On larger projects it becomes less feasible to do the entire integration on Friday, which spills into Saturday. So it gets pushed back to Thursday, and then even further back. Eventually becomes a biweekly build.
The integration time grows with project size, which makes it harder to integrate and test.
Eliminating dependency cycles
Partition the development environment into releasable components. Components become units of work that can be assigned to a developer or team. When a component is ready it is given a release number and moved to another directory. Other teams can decide whether to upgrade the component or not. Each team is independent and do not have an immediate effect on other teams. Integration happens in small increments.
Does not work with cycles.
The dependency structure of the components needs to be managed.
To see who is affected by a release follow the arrows backwards. Those developers need to decide when to integrate.
When a team decides to test their component they just use the version of the dependencies they are currently using. When it's time to do a new release just compile, test, release from bottom up.
The effect of a cycle
The cycle effectively creates one large component which causes the "morning after syndrome". Cycles make it difficult to isolate components, unit testing and releasing become difficult.

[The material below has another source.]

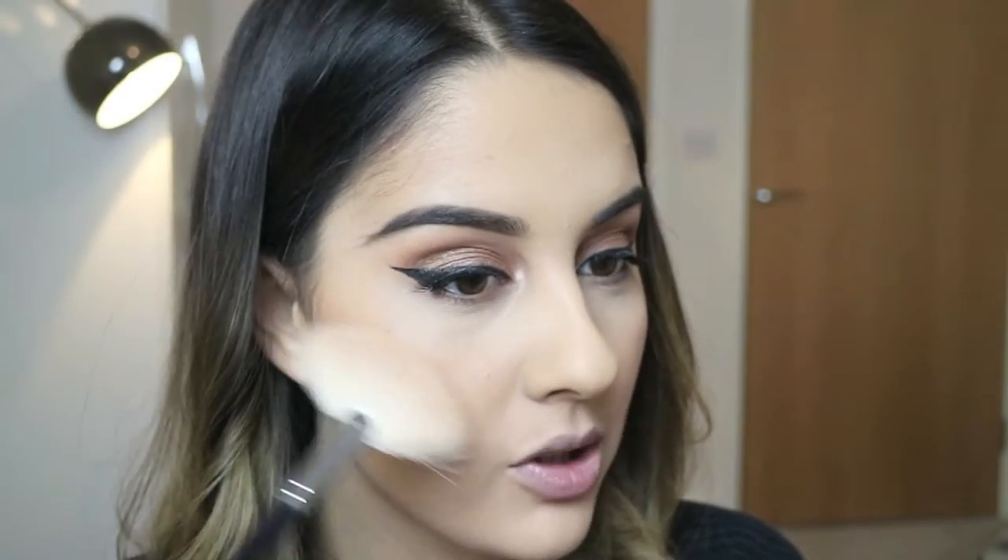Then taking the Morphe N310 fan brush I'm going to use this with the Laura Geller Gilded Honey highlight, which I have been loving ever since my last video. If you saw it make sure you go check it out. I'm applying this to the tops of my cheekbones, to my nose, to my chin, to my cupid's bow and more to my cheeks because I love it.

With cycles, it can be difficult to work out the order you must build components, there may not be a correct order.
Breaking the cycle
It's always possible to break a cycle. There are two main methods.
- Put an interface in Entities and inherit it into Authorizer, inverting the arrow breaks the cycle.
- Move classes they both depend on to a new component
Jitters
Option 2 creates a new component which implies the component structure can change with new requirements. The dependency structure jitters and grows, and must be monitored for new cycles.